▶ **What is required**: The reply should hold only the lines from the one with "15 Pcs 6 x 6" to the one with "Kit Infantil Universidad", both ends kept, exactly as they appear below, without any pictures.

▶ **Records to process**:
------------------------------------------------
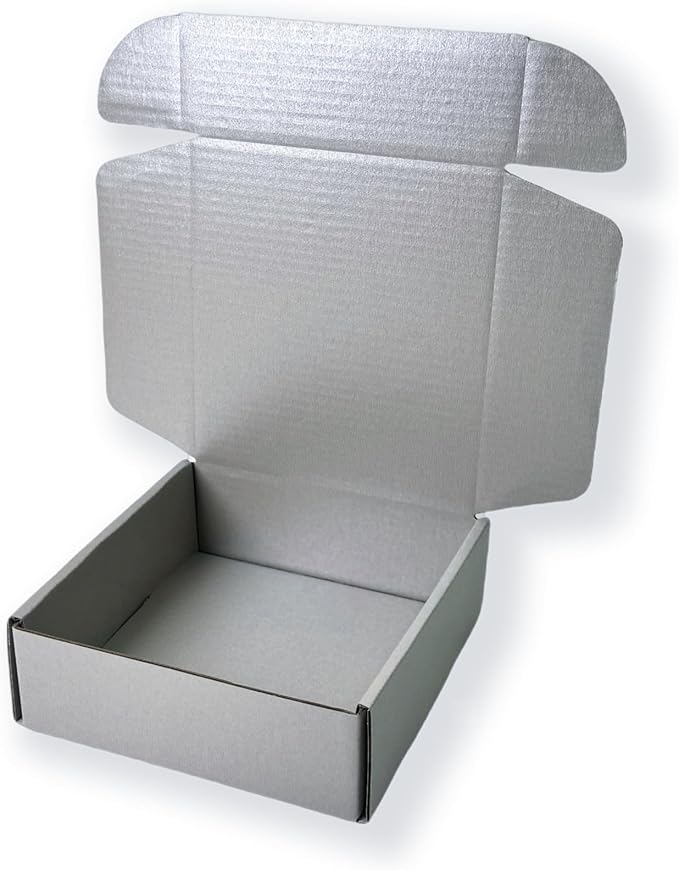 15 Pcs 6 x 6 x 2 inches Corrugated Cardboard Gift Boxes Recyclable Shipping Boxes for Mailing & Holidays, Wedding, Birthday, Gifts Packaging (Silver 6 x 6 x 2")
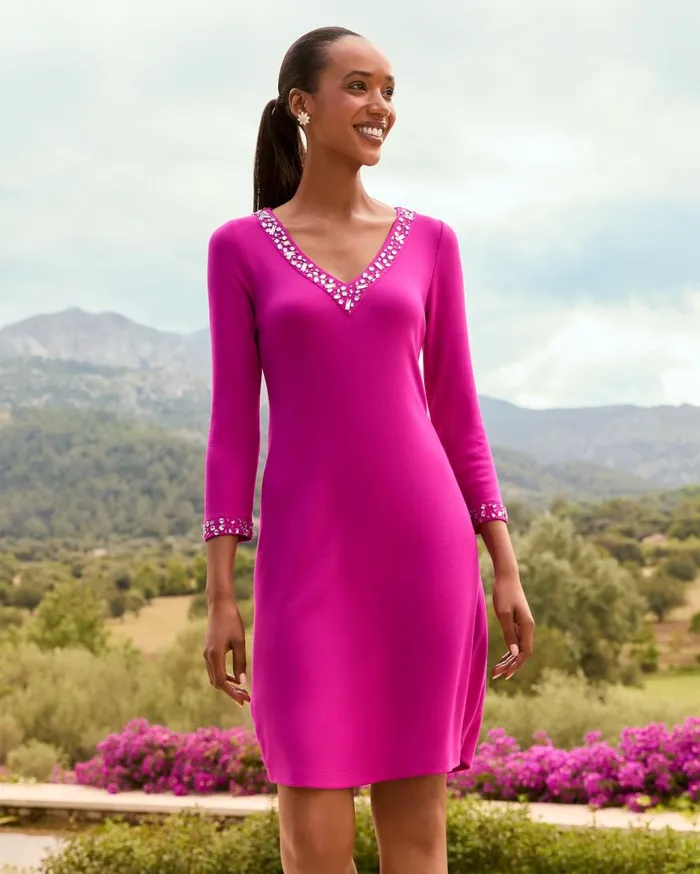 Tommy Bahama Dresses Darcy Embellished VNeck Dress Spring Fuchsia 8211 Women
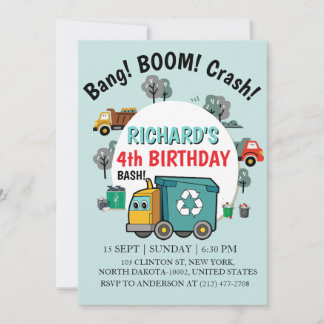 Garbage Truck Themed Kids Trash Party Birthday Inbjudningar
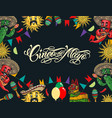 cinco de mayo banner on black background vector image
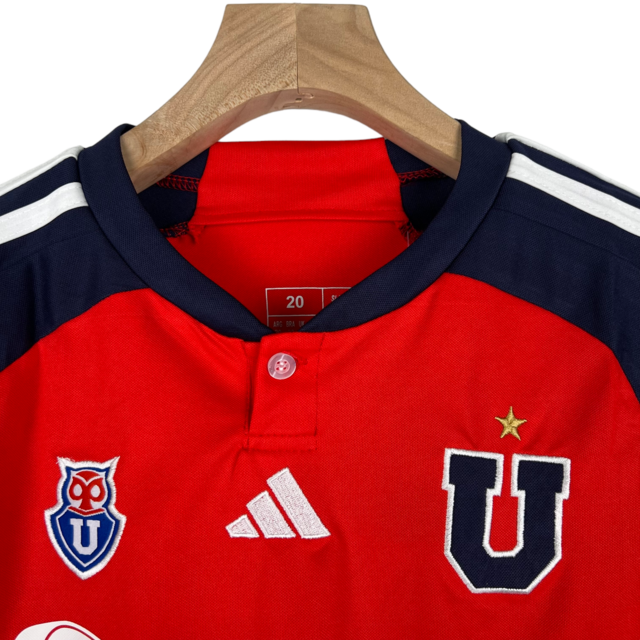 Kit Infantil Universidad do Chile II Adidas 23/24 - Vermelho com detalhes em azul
------------------------------------------------
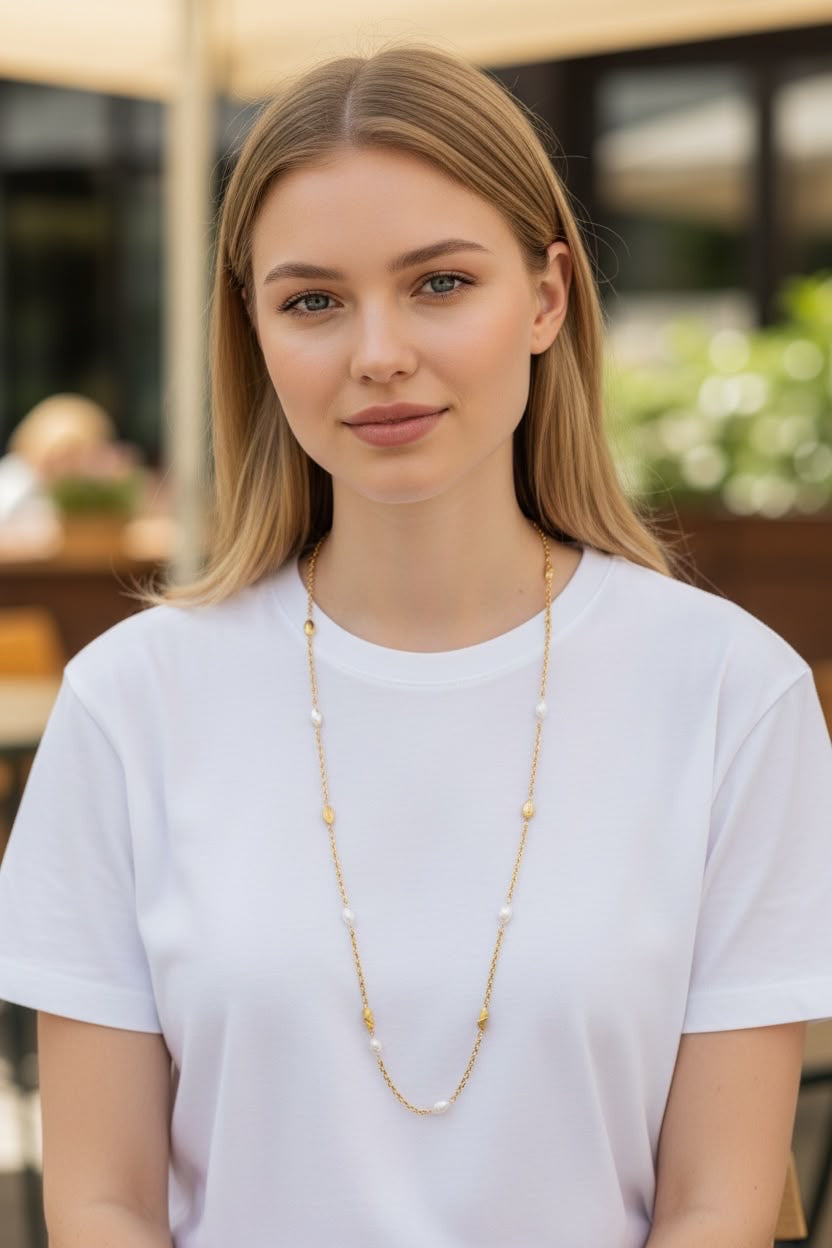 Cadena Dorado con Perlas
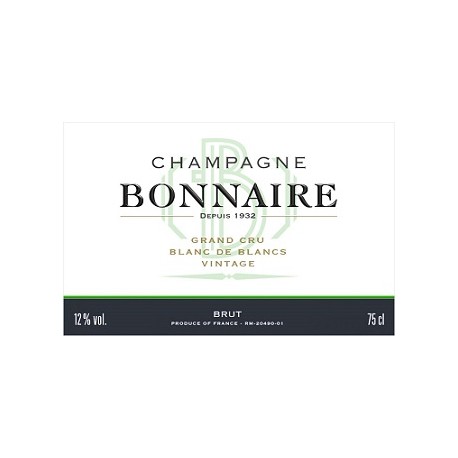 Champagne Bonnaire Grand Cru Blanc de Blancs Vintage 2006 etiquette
------------------------------------------------
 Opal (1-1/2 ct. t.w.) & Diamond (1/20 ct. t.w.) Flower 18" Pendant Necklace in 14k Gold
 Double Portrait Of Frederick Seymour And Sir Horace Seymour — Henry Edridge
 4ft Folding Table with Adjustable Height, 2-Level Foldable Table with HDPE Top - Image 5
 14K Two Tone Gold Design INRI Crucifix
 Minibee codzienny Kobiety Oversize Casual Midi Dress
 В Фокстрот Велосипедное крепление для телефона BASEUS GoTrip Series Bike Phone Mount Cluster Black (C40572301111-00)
------------------------------------------------
▶ **Response area**:
 15 Pcs 6 x 6 x 2 inches Corrugated Cardboard Gift Boxes Recyclable Shipping Boxes for Mailing & Holidays, Wedding, Birthday, Gifts Packaging (Silver 6 x 6 x 2")
 Tommy Bahama Dresses Darcy Embellished VNeck Dress Spring Fuchsia 8211 Women
 Garbage Truck Themed Kids Trash Party Birthday Inbjudningar
 cinco de mayo banner on black background vector image
 Kit Infantil Universidad do Chile II Adidas 23/24 - Vermelho com detalhes em azul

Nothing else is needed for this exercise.